ECLI:NL:CRVB:2015:4833
Centrale Raad van Beroep
- Hoger beroep
- A.B.J. van der Ham
- M. Hillen
- J.M.A. van der Kolk-Severijns
- Rechtspraak.nl
Herziening en terugvordering van bijstandsuitkering in verband met belastingteruggave
In deze zaak gaat het om de herziening en terugvordering van een bijstandsuitkering door het college van burgemeester en wethouders van Den Haag. Appellant ontvangt sinds 16 april 2011 bijstand op basis van de Wet werk en bijstand (WWB). In 2012 ontving hij ook inkomsten uit arbeid, die met een vrijlating van 25% op de bijstand in mindering zijn gebracht. Daarnaast ontving appellant vanaf 1 januari 2012 bijzondere bijstand in de vorm van een woonkostentoeslag. Na een herziening van de voorlopige belastingaanslag 2012, leidde dit tot een belastingteruggave van € 245,-. Het college heeft vervolgens bij besluit van 13 september 2013 de bijstand over de periode van 1 januari 2012 tot en met 31 december 2012 herzien en een bedrag van € 244,96 teruggevorderd van appellant. Dit besluit werd in een later besluit van 23 december 2013 door het college gehandhaafd, wat leidde tot een beroep van appellant bij de rechtbank.

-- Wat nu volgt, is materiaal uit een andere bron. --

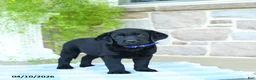 Labrador Retriever dogs for sale: Blueberry - Ad 1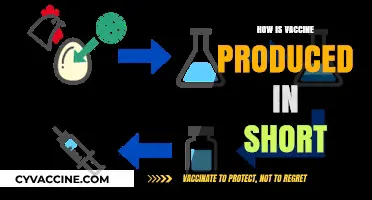 Vaccine Production Simplified: A Concise Guide to Manufacturing Process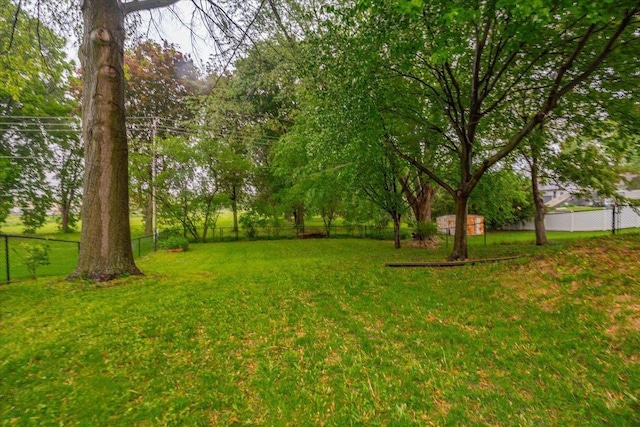 49 Schenk St, Madison, WI 53714 - view of yard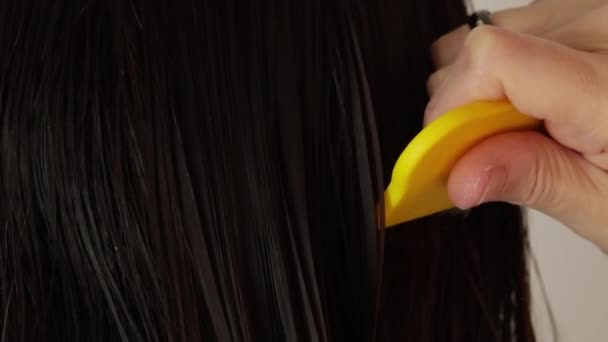 Жінка Біжить Вошей Гребінцем Через Волосся — стокове відео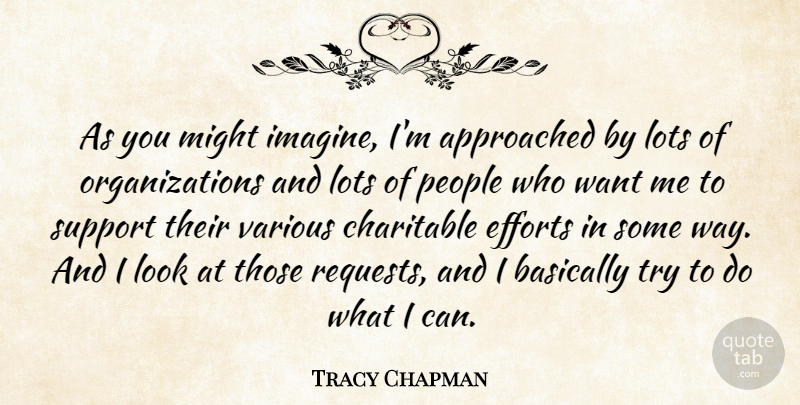 Tracy Chapman Quote About Basically, Efforts, Lots, Might, People: As You Might Imagine Im...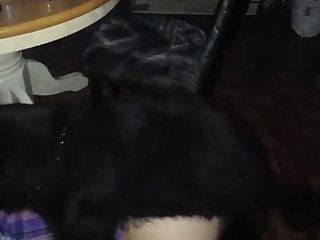 Amateur Beach Sex Porn Xxx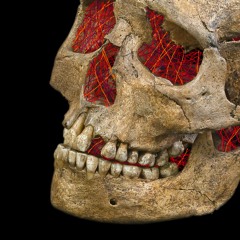 Where Is My Mind (The Pixies)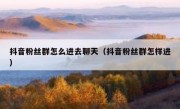 抖音粉丝群怎么进去聊天（抖音粉丝群怎样进）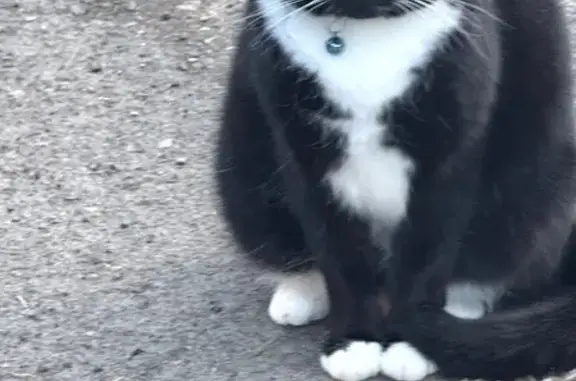Lost Tuxedo Cat Otis: Craven St, Monmouth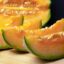 طالبی شاه پسند کوچک Fresh وزن 1 تا 1.5 کیلوگرم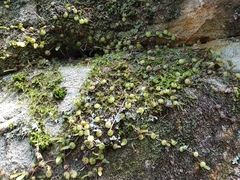 Bulbophyllum exiguum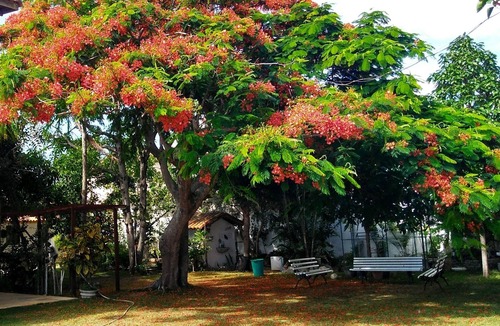 Ipitanga House | 7/4 suites, 900m from the beach, with pool, barbecue, surrounded by nature, sleeps 20.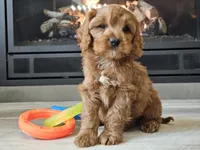 Maurice , a male Cavapoo for sale in Boyden, IA – 6 of 10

De rechtbank verklaarde het beroep ongegrond, waarna appellant in hoger beroep ging. Tijdens de zitting op 10 november 2015 was appellant aanwezig, bijgestaan door zijn advocaat, terwijl het college niet verscheen. De Centrale Raad van Beroep oordeelde dat de belastingteruggave volledig moet worden gerekend tot de middelen waarover appellant kon beschikken. De Raad bevestigde dat het college bevoegd was om de belastingteruggave terug te vorderen, omdat deze teruggave leidde tot een hoger inkomen voor appellant. De gronden die appellant aanvoerde tegen de terugvordering werden door de Raad verworpen, en de aangevallen uitspraak werd bevestigd. Er werd geen aanleiding gezien voor een vergoeding van proceskosten.